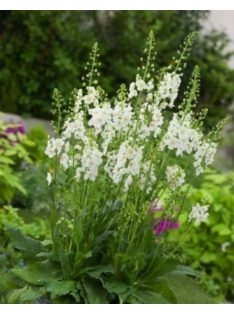   Lila ökörfarkkóró / VERBASCUM phoeniceum 'Flush of White'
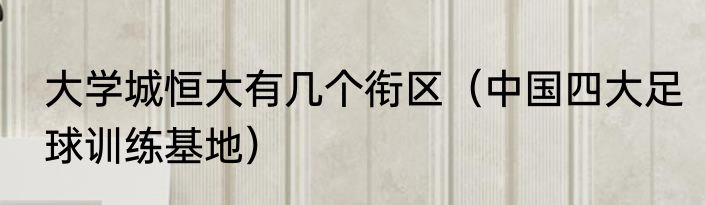 大学城恒大有几个衔区（中国四大足球训练基地）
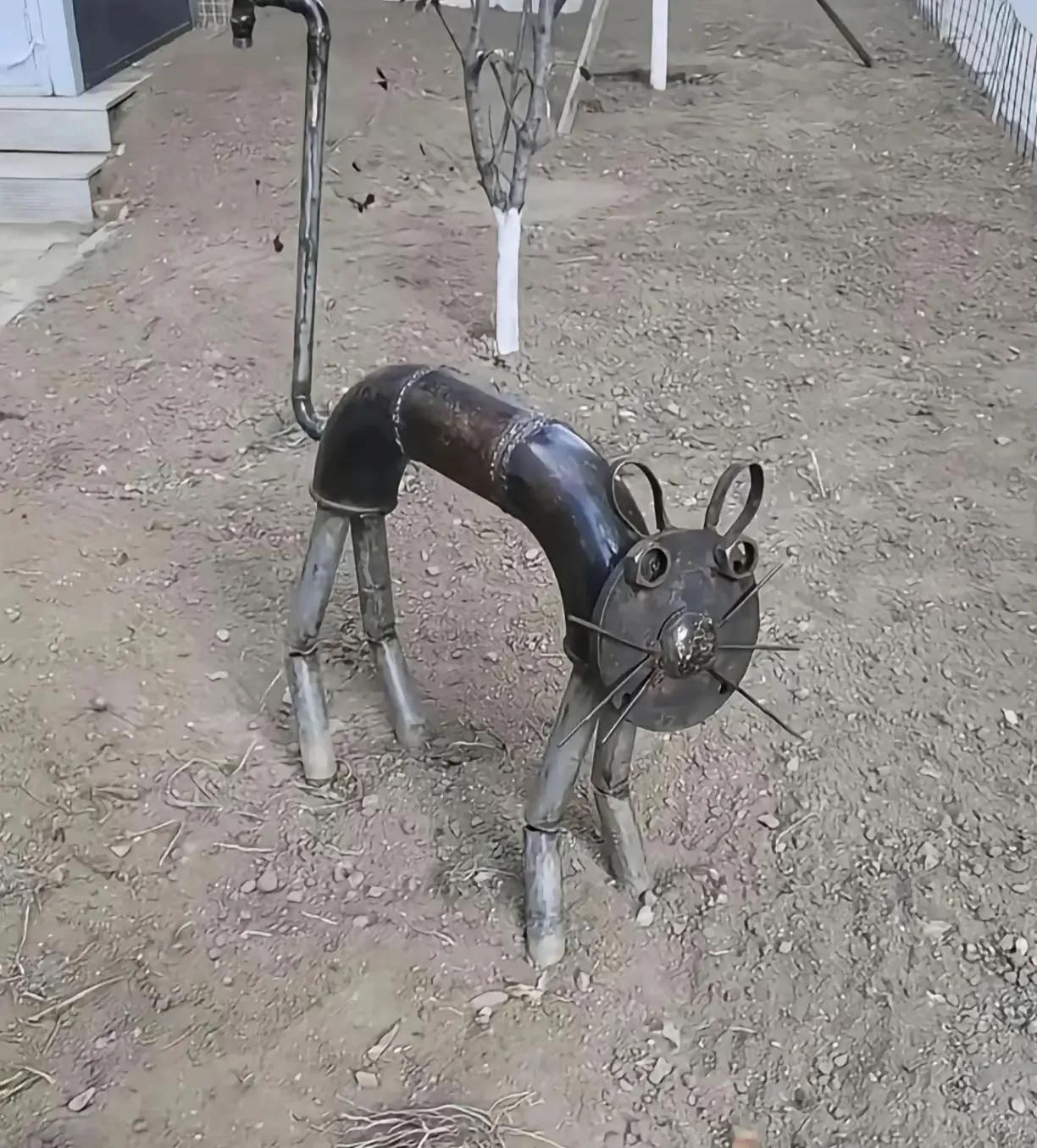 养这只猫需要注意什么？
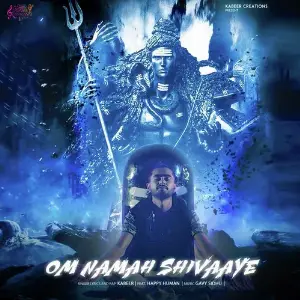 Om Namah Shivaaye image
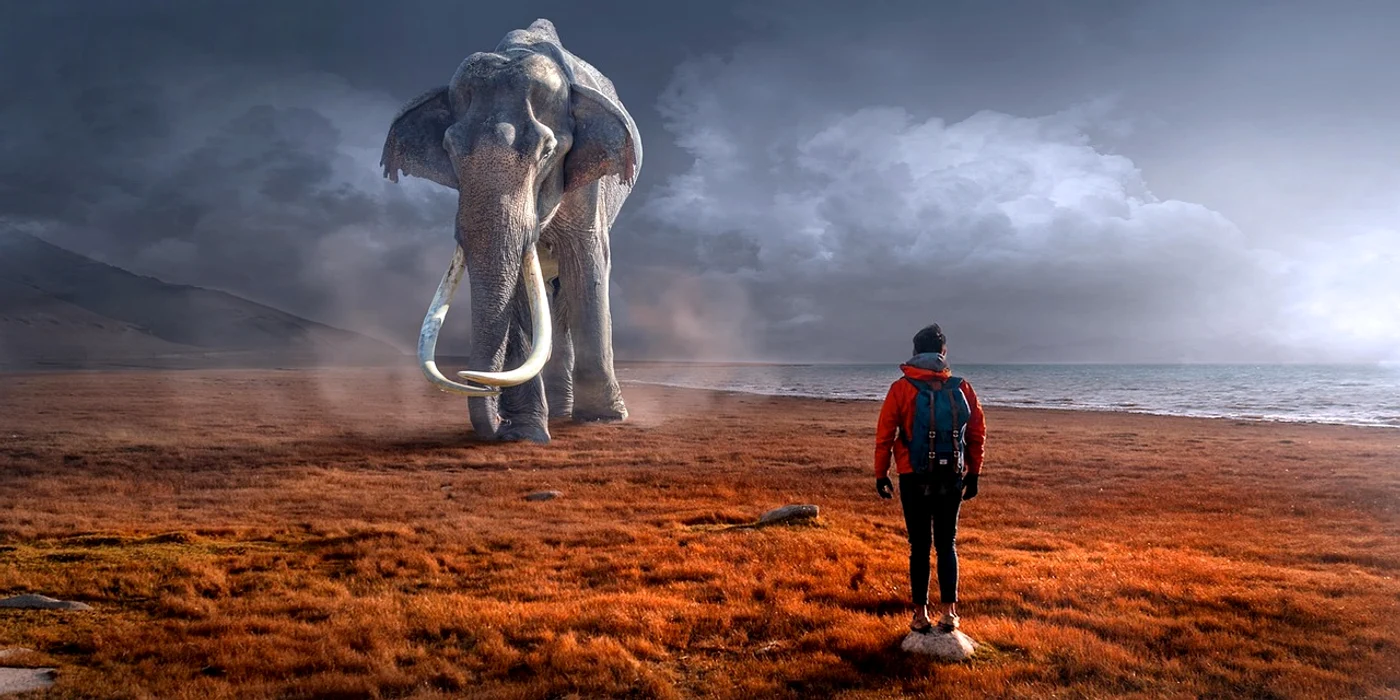 Un bărbat a fost atacat de un elefant după ce a încercat să facă un selfie / FOTO: Pixabay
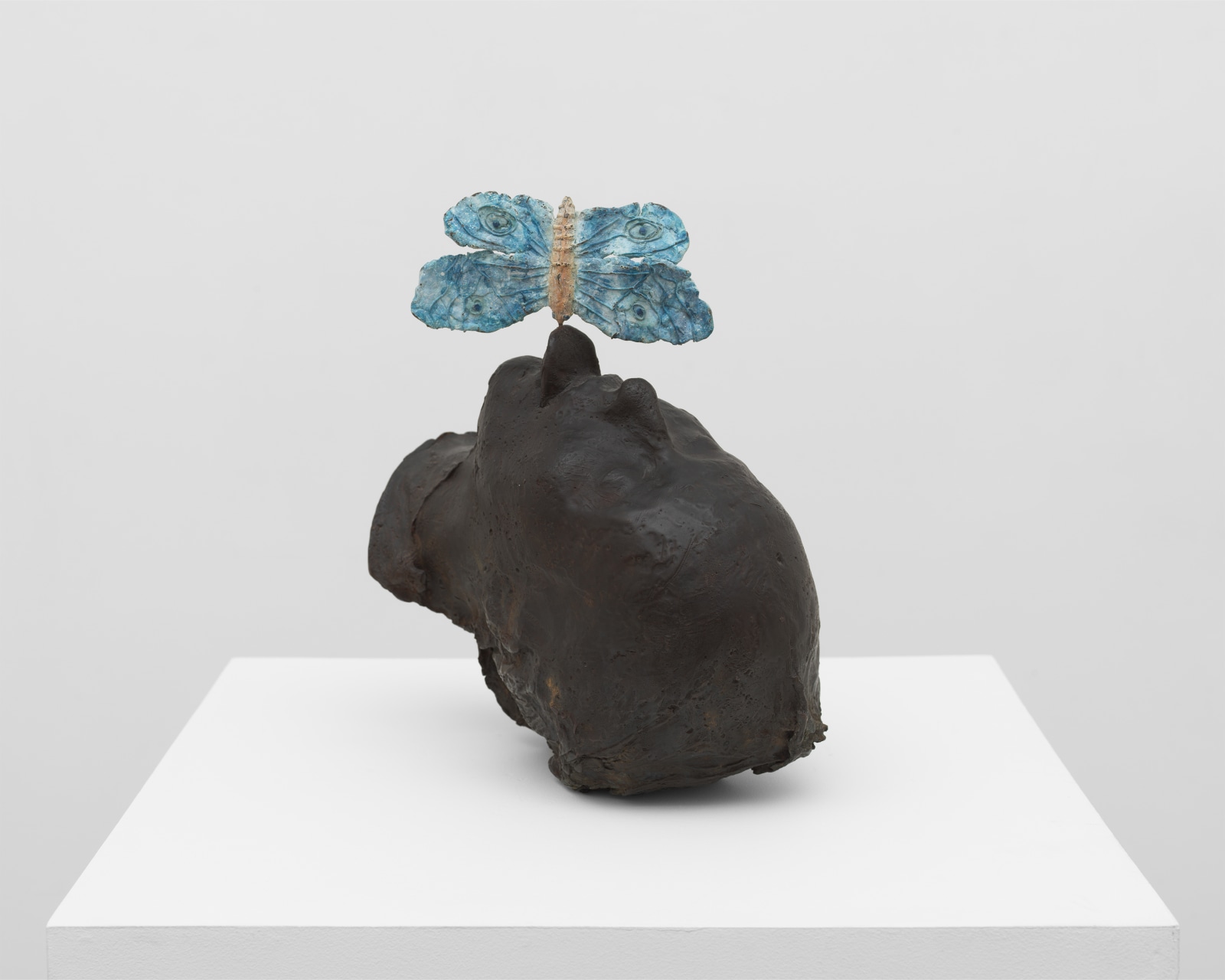 Kiki Smith, Untitled (Moth), 1993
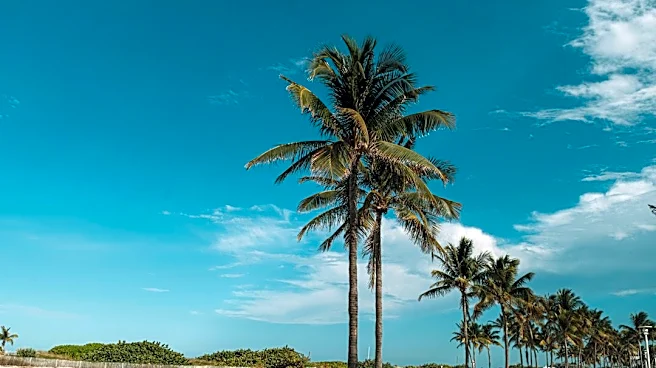 Warm October Weather in Florida: Ideal for Visitors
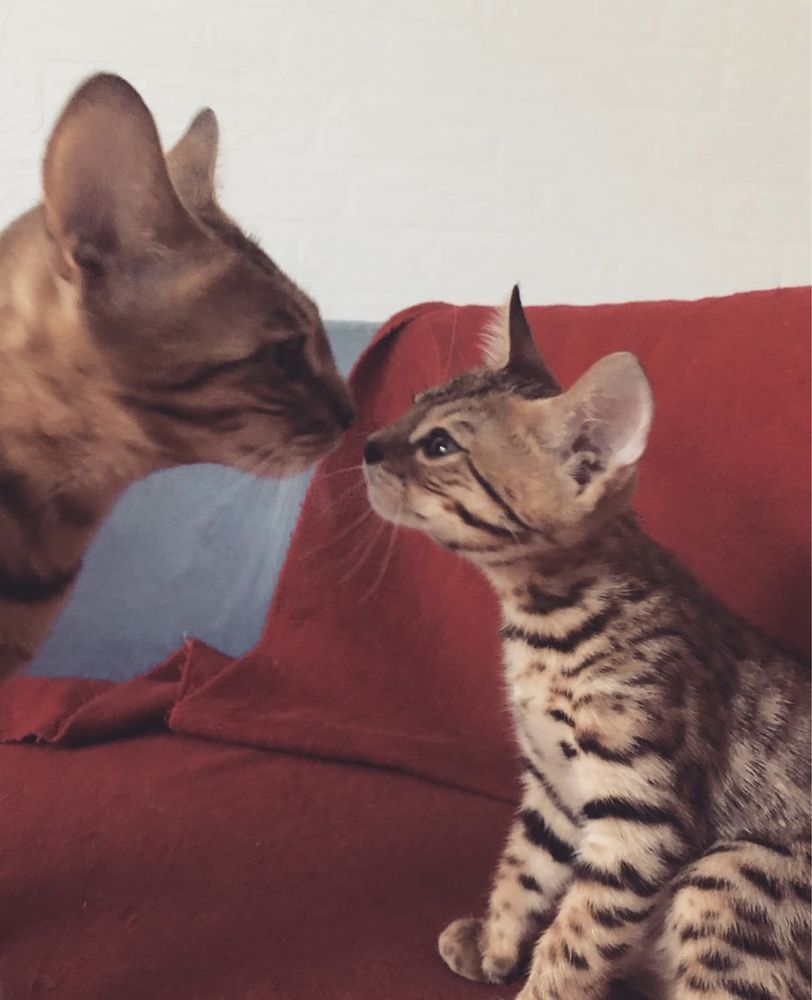 Бенгальские котята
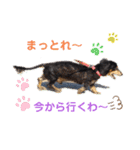 愛犬りくちゃん4（個別スタンプ：1）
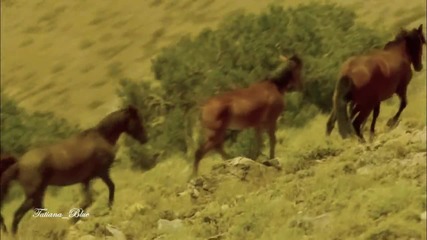 Leo Rojas - Celeste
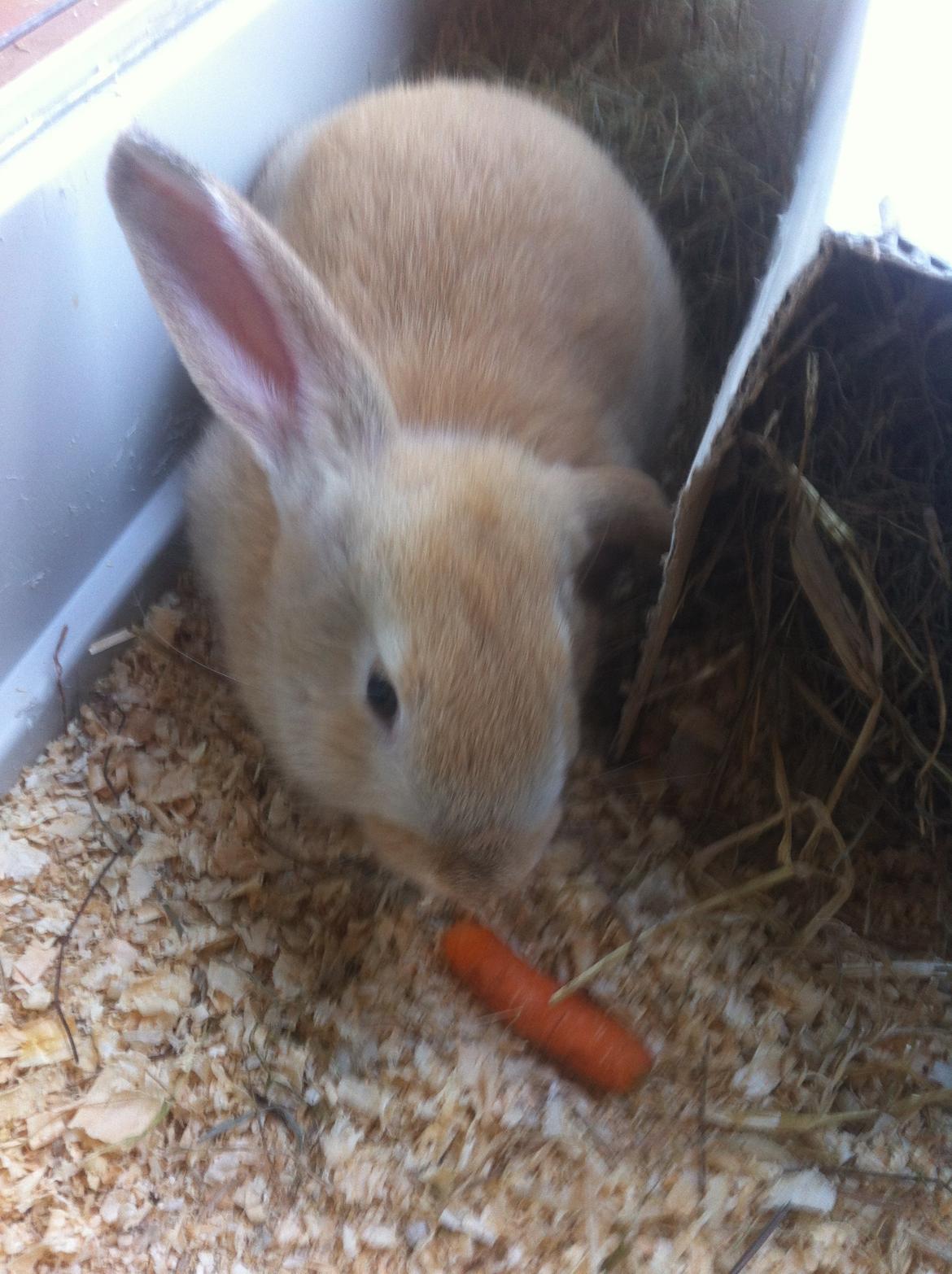 Kanin Frække billede 5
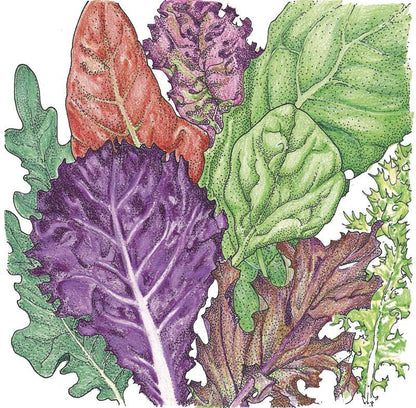 Gourmet Mix Lettuce Seeds (Organic) - Tampa Home & Garden Store
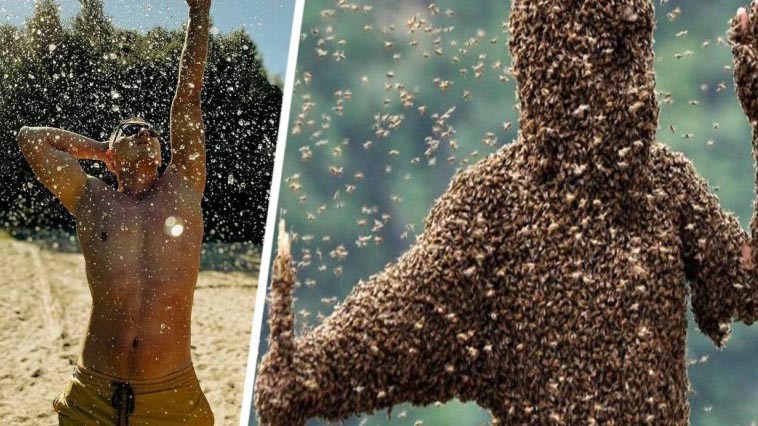Saldırgan böcekler İtalya sahillerinde turizmi vurdu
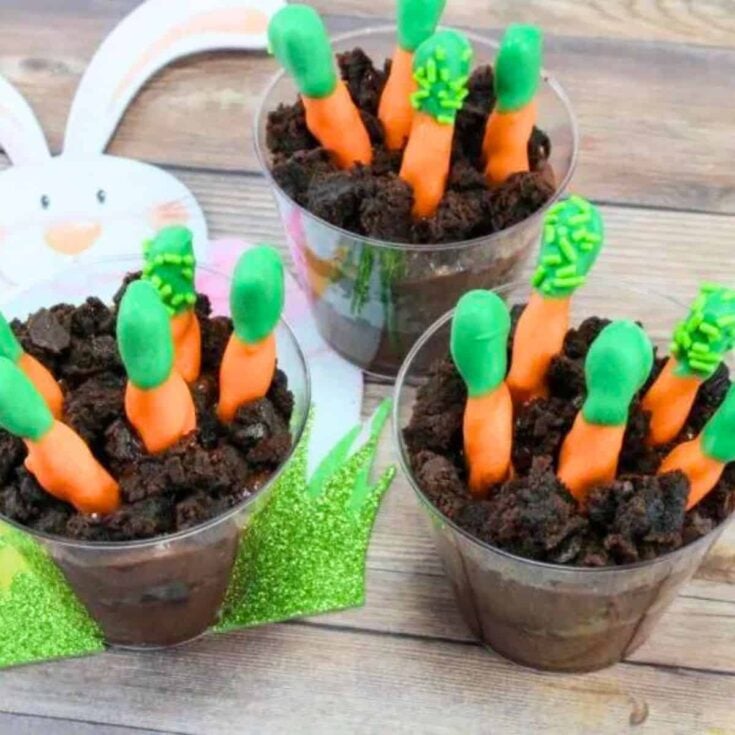 Carrot patch pudding cups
----------------------------------------
Please print every record exactly as written, without the pictures.

Reply>
   Lila ökörfarkkóró / VERBASCUM phoeniceum 'Flush of White'
 大学城恒大有几个衔区（中国四大足球训练基地）
 养这只猫需要注意什么？
 Om Namah Shivaaye image
 Un bărbat a fost atacat de un elefant după ce a încercat să facă un selfie / FOTO: Pixabay
 Kiki Smith, Untitled (Moth), 1993
 Warm October Weather in Florida: Ideal for Visitors
 Бенгальские котята
 愛犬りくちゃん4（個別スタンプ：1）
 Leo Rojas - Celeste
 Kanin Frække billede 5
 Gourmet Mix Lettuce Seeds (Organic) - Tampa Home & Garden Store
Saldırgan böcekler İtalya sahillerinde turizmi vurdu
 Carrot patch pudding cups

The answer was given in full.